» **Activity**
Would you print all of the entries word for word?

-------- Given records

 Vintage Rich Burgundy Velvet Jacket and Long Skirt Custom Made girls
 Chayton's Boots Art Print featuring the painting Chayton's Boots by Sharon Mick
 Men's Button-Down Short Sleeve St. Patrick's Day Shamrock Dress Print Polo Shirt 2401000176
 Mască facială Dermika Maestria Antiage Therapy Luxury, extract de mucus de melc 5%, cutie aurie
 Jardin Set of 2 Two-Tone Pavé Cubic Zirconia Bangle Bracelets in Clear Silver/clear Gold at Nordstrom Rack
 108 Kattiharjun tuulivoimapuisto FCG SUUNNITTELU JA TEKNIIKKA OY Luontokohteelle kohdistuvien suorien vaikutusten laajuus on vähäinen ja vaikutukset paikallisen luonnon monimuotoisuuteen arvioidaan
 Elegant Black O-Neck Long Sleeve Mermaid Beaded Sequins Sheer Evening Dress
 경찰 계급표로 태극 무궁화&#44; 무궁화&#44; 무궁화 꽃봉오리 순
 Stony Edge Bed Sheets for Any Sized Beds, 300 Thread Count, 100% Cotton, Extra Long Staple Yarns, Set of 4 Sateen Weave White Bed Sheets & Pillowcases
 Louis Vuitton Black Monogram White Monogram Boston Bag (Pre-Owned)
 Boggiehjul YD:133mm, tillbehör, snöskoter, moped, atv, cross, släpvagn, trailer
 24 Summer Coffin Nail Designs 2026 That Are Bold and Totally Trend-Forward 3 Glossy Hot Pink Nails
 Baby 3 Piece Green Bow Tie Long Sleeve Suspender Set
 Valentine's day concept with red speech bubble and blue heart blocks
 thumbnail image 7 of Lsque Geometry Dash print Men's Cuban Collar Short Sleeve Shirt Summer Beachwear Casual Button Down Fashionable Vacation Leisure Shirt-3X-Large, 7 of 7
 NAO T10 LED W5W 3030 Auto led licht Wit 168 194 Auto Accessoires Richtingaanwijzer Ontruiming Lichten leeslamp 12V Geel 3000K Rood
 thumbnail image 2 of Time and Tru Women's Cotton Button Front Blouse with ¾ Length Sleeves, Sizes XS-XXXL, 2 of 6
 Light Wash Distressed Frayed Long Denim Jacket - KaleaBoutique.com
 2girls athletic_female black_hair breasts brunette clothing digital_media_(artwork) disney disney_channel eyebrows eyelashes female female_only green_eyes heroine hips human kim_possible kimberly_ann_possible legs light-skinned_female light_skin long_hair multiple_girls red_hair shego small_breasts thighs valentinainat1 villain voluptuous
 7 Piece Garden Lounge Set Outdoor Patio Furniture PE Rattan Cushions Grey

----------------

» **Task output**
 Vintage Rich Burgundy Velvet Jacket and Long Skirt Custom Made girls
 Chayton's Boots Art Print featuring the painting Chayton's Boots by Sharon Mick
 Men's Button-Down Short Sleeve St. Patrick's Day Shamrock Dress Print Polo Shirt 2401000176
 Mască facială Dermika Maestria Antiage Therapy Luxury, extract de mucus de melc 5%, cutie aurie
 Jardin Set of 2 Two-Tone Pavé Cubic Zirconia Bangle Bracelets in Clear Silver/clear Gold at Nordstrom Rack
 108 Kattiharjun tuulivoimapuisto FCG SUUNNITTELU JA TEKNIIKKA OY Luontokohteelle kohdistuvien suorien vaikutusten laajuus on vähäinen ja vaikutukset paikallisen luonnon monimuotoisuuteen arvioidaan
 Elegant Black O-Neck Long Sleeve Mermaid Beaded Sequins Sheer Evening Dress
 경찰 계급표로 태극 무궁화&#44; 무궁화&#44; 무궁화 꽃봉오리 순
 Stony Edge Bed Sheets for Any Sized Beds, 300 Thread Count, 100% Cotton, Extra Long Staple Yarns, Set of 4 Sateen Weave White Bed Sheets & Pillowcases
 Louis Vuitton Black Monogram White Monogram Boston Bag (Pre-Owned)
 Boggiehjul YD:133mm, tillbehör, snöskoter, moped, atv, cross, släpvagn, trailer
 24 Summer Coffin Nail Designs 2026 That Are Bold and Totally Trend-Forward 3 Glossy Hot Pink Nails
 Baby 3 Piece Green Bow Tie Long Sleeve Suspender Set
 Valentine's day concept with red speech bubble and blue heart blocks
 thumbnail image 7 of Lsque Geometry Dash print Men's Cuban Collar Short Sleeve Shirt Summer Beachwear Casual Button Down Fashionable Vacation Leisure Shirt-3X-Large, 7 of 7
 NAO T10 LED W5W 3030 Auto led licht Wit 168 194 Auto Accessoires Richtingaanwijzer Ontruiming Lichten leeslamp 12V Geel 3000K Rood
 thumbnail image 2 of Time and Tru Women's Cotton Button Front Blouse with ¾ Length Sleeves, Sizes XS-XXXL, 2 of 6
 Light Wash Distressed Frayed Long Denim Jacket - KaleaBoutique.com
 2girls athletic_female black_hair breasts brunette clothing digital_media_(artwork) disney disney_channel eyebrows eyelashes female female_only green_eyes heroine hips human kim_possible kimberly_ann_possible legs light-skinned_female light_skin long_hair multiple_girls red_hair shego small_breasts thighs valentinainat1 villain voluptuous
 7 Piece Garden Lounge Set Outdoor Patio Furniture PE Rattan Cushions Grey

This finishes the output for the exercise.